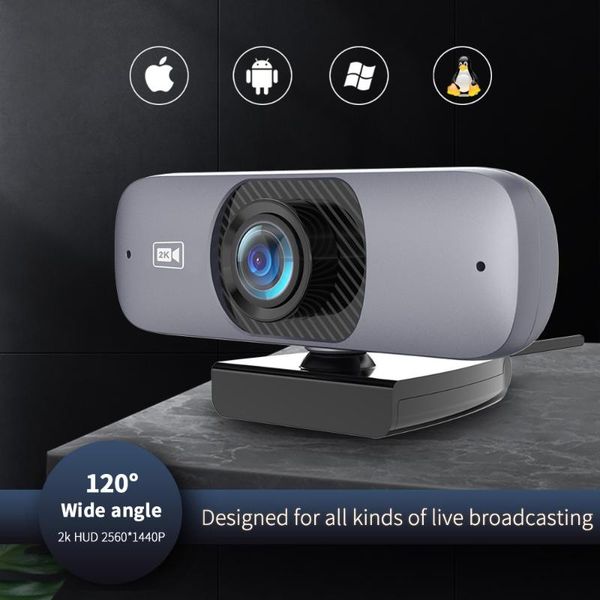2k 2560*1440 webcam 1080p web camera with microphone usb cam for live broadcast video calling conference webcams
2k 2560*1440 webcam 1080p web camera with microphone usb cam for live broadcast video calling conference webcams
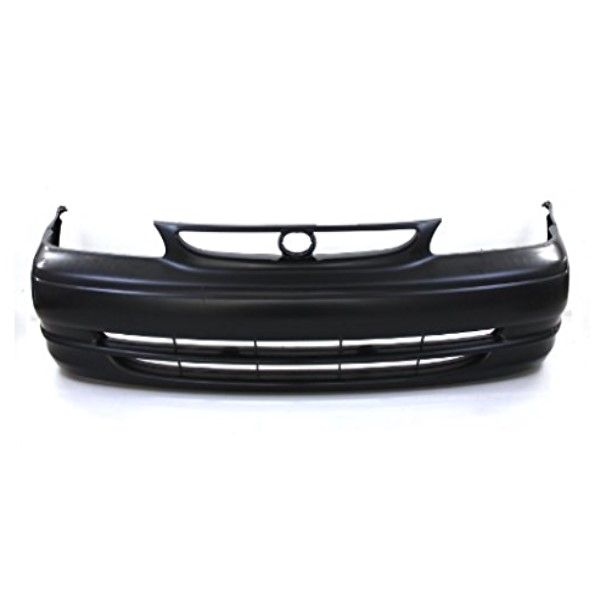 Bumper frontal toyota corolla 1998 - 2000 plástico versión americana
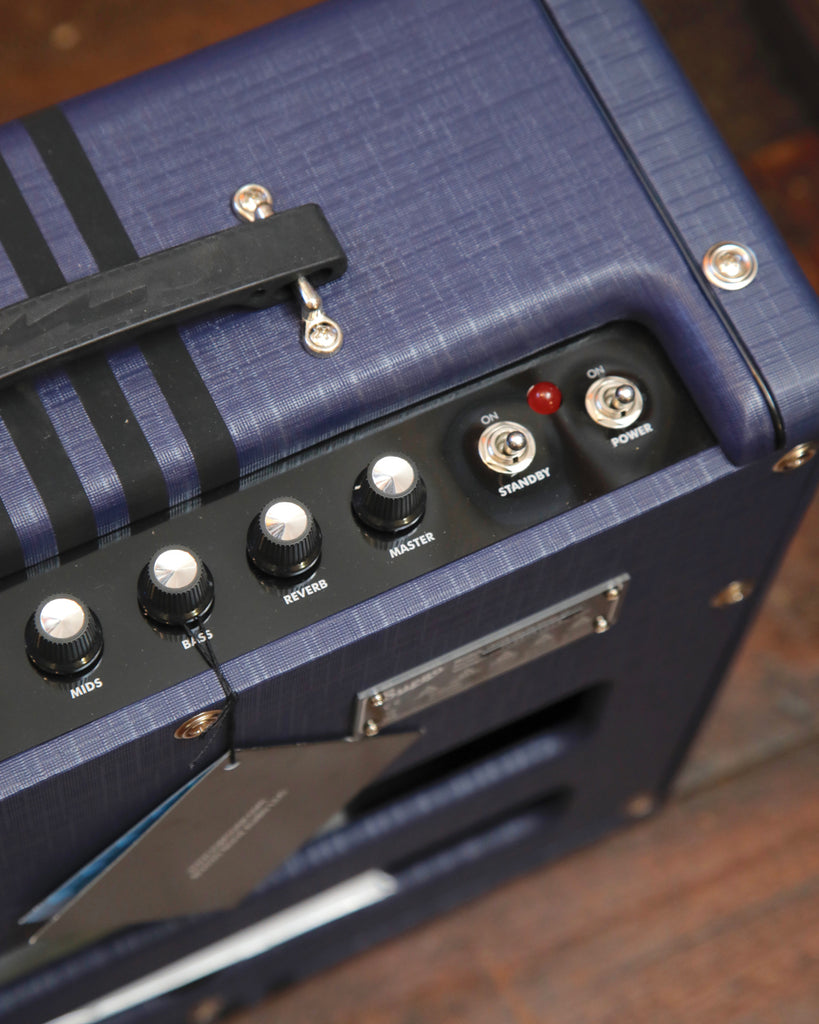 Supro Delta King 12 Combo 1x12" Amplifier Navy Blue & Black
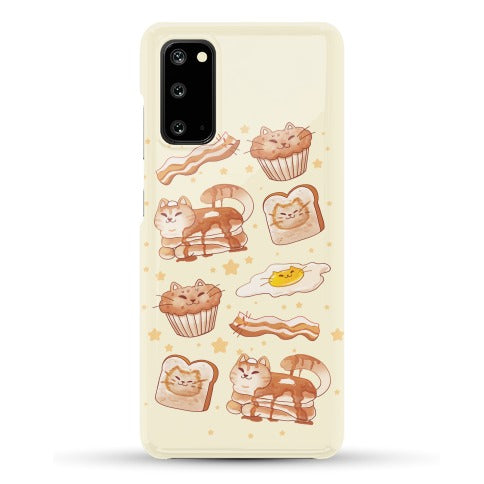 Breakfast Cats Phone Case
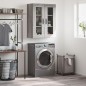 vidaXL Mobile a Parete Grigio Sonoma 69,5x34x90 cm Legno Multistrato vidaXL Mobile a Parete Grigio Sonoma 69,5x34x90 cm Legno Multistrato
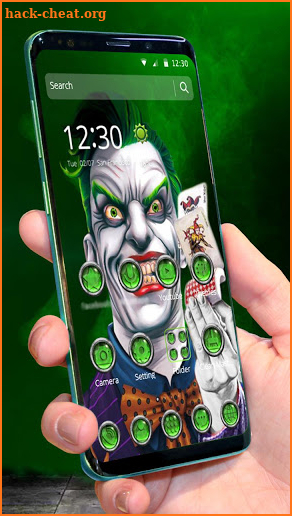 Maniac Joker Theme screenshot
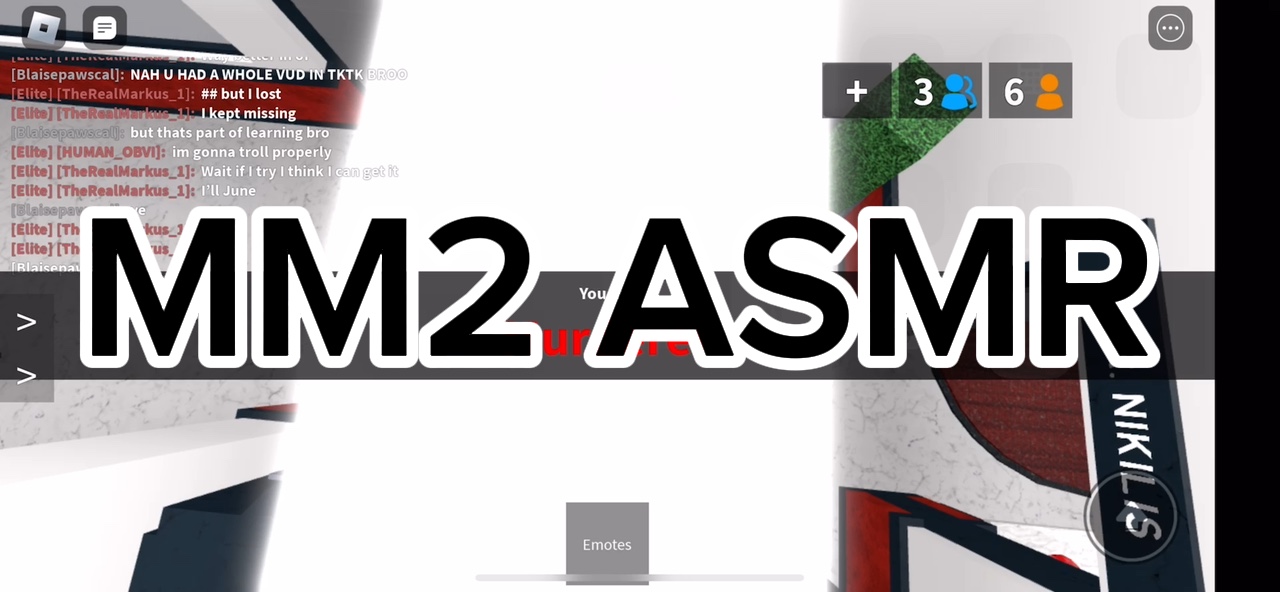 mm2 asmr 💀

▸ **EXERCISE PROMPT**
Lines from the one containing "Supro Delta King" through the final line of the entries above are to be retyped exactly, with every picture left out.

▸ **EXERCISE RESPONSE**
 Supro Delta King 12 Combo 1x12" Amplifier Navy Blue & Black
 Breakfast Cats Phone Case
 vidaXL Mobile a Parete Grigio Sonoma 69,5x34x90 cm Legno Multistrato vidaXL Mobile a Parete Grigio Sonoma 69,5x34x90 cm Legno Multistrato
 Maniac Joker Theme screenshot
 mm2 asmr 💀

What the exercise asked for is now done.